Petite mine défaite « Ca va pas à la maison, et puis j'ai toujours pas trouvé de stage (on est vendredi, leur stage doit commencer lundi), de toutes façons j'en ai marre, j'ai envie de tout arrêter là. T'façon j'vais plus en cours ces derniers temps. J'pars le matin avec mon sac et j'traîne»
« Ca va pas à la maison. C'est avec les parents? »
« Non c'est avec mes frères. J'ai un petit copain et ils veulent pas »
« Ah bon, ça fait longtemps? »
« Ca fait deux mois, mais c'est ma petite soeur, elle m'a vu avec lui, et elle a tout raconté ! et maintenant ils sont tous sur moi là, j'en ai marre »
Je n'ai pas l'habitude de voir le visage de Manola si triste.
« Ben, ils te voient peut-être encore comme la petite Manola, il faut le temps qu'ils s'habituent au fait que tu es une jeune fille, ils vont s'y faire »
« Non, eux ils pensent que si t'as un copain, t'es une... enfin, je peux pas vous le dire le mot »
« Ben vas-y, exprime toi, pas de gêne »
« Ben... une pute. Alors qu'on fait rien de mal, on se voit juste. »
Je dis: « On dirait que t'en as plein le dos »
Elle sourit. Je lui propose d'appeler mon ancien club de sport à la fin du cours pour voir si elle peut y faire son stage. Je lui dis de réfléchir à cette proposition pendant l'heure. Fin du cours, Manola est d'accord, coup de fil au club, non, ce ne sera pas possible. Manola est déçue. Je prends son numéro de téléphone pour la prévenir si une autre personne du club pouvait l'accueillir.
10 h: Je reviens au lycée et parle du cas de Manola à la prof principale, elle n'était pas au courant. A midi, à la cantine, la chef de travaux tertiaire me dit qu'elle a vu Manola et lui a trouvé un stage, à Pompey. « Avec une dame très gentille »
Petit texto par téléphone à Manola: « Apparemment c'est bon pour ton stage? »
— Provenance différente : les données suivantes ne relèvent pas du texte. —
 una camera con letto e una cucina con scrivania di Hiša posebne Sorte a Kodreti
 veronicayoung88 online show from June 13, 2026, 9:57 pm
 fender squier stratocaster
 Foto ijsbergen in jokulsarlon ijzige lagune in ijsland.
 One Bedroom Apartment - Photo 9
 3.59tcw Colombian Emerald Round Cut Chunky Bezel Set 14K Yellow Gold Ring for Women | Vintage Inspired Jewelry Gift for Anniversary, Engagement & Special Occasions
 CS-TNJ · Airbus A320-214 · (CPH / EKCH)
Texto retour: « Oui, mais Pompey, c'est loin pour moi je trouve. Si ça ne me plaît pas je changerai sûrement. Merci quand même » me répond-elle.
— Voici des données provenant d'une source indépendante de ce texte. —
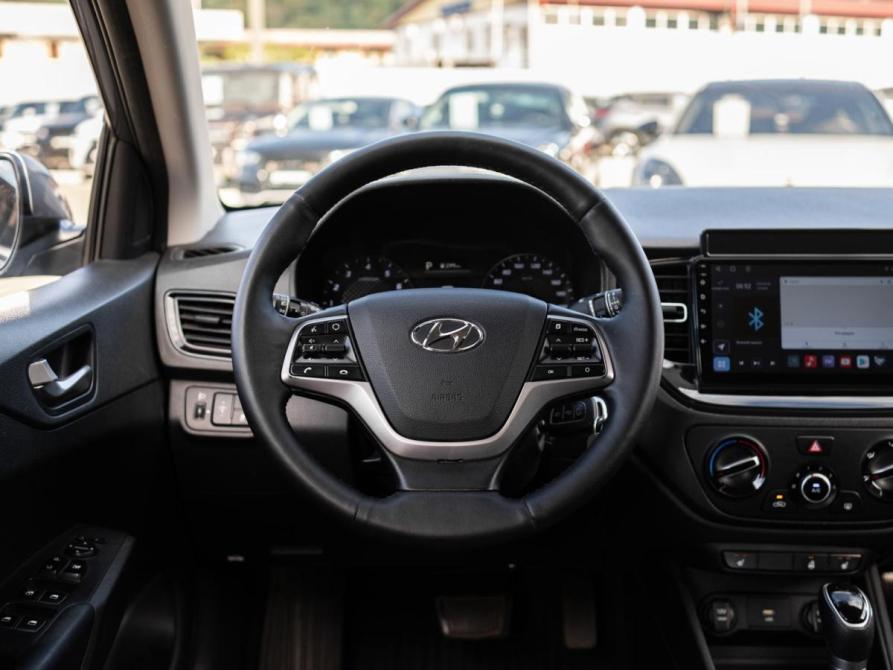 Hyundai Solaris II Рестайлинг Сочи  - изображение 12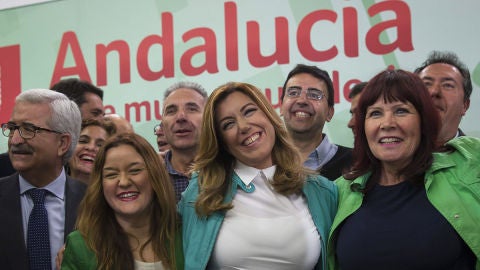 Susana D&iacute;az celebra con su equipo los resultados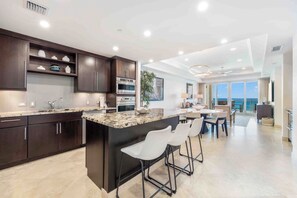 Mikrovågsugn, ugn, spishäll och diskmaskin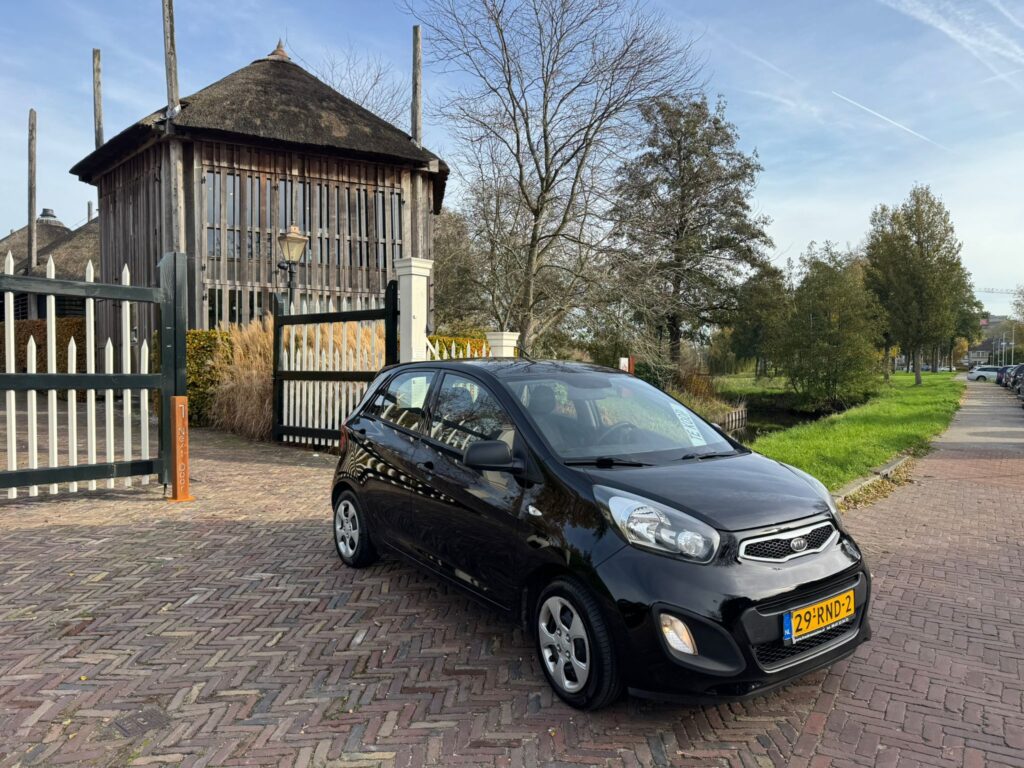 KIA Picanto-11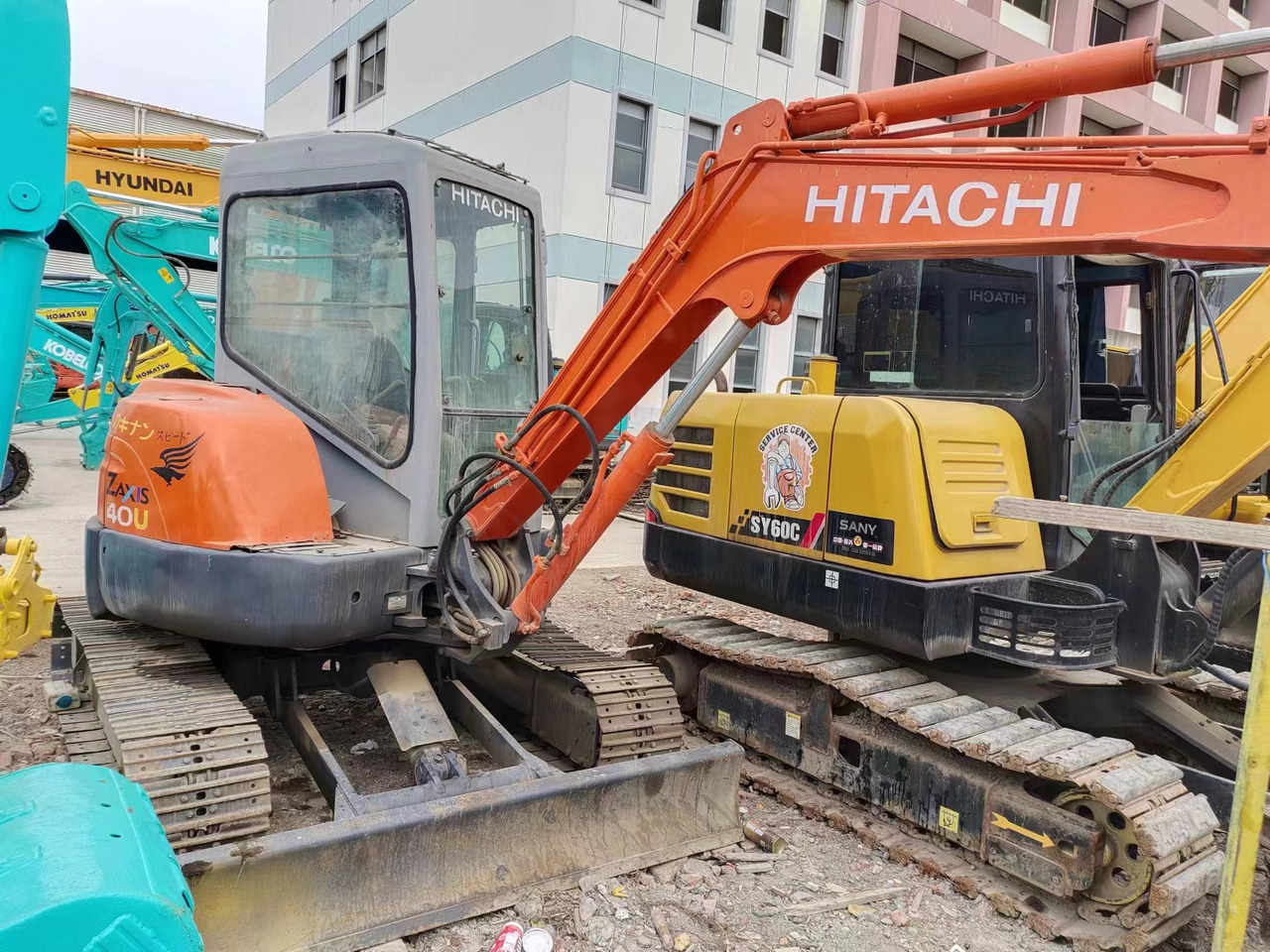 HITACHI ZX40U - 小型挖掘机:图4 HITACHI ZX40U - 小型挖掘机:图4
Tomblaine – Pompey, ça peut faire loin, quand on a des frères sur le dos. A moins qu'elle en profite pour prendre un peu le large ? Il faudra que je demande de ses nouvelles.

Au gymnase, vendredi entre midi et deux. Une bande de 4 garçons footballeurs papillonne sur les trois activités sans se fixer sur aucune. Le vendredi, c'est volley, basket, danse. Pas foot. L'un d'eux, je ne le connais pas encore, tape comme un sourd dans le ballon de volley, faisant mine de rentrer dans la partie en cours, puis il lâche les quatre jeunes filles et s'en va en marchant nonchalamment. Il est partout et nulle part, désorganisant ce qui se met en place. Avec mon collègue nous décidons entre nous qu'à l'avenir, les « footballeurs » viendront au gymnase uniquement sur leurs créneaux, les mardis et jeudis. Je rassemble les quatre jeunes et leur dit qu'il doivent se décider. Ou bien ils rentrent dans une activité et s'y fixent, permettant aux autres de continuer à jouer, ou bien ils se mettent sur le côté. Mais ils doivent arrêter leur petit manège.
Ca ne s'arrêtera pas, ils tournicoteront ainsi jusqu'à la fin. Je parlerai quand même à l'électron libre, il semble assez particulier, comme insaisissable.
« Dis donc, toi, c'est quand même pas banal, je te parle et tu fais comme si tu ne m'entendais pas, pourtant tu a compris ce que je te demandais »
« Vous savez, Madame, me dit-il tout en continuant de déambuler, c'est comme ça depuis toujours avec moi, c'était déjà comme ça quand j'étais en primaire » Il a un sourire un peu inexpressif, sourire qui n'a pas quitté son visage depuis qu'il est rentré dans le gymnase.
Il est l'heure, la sonnerie va retentir bientôt, tout ce petit monde se disperse. Je me demande si cet élève dit vrai. Est-ce que ça sera toujours comme ça avec lui ?
Vendredi 13h30. Je rentre chez moi, m'allonge et dors pendant deux heures.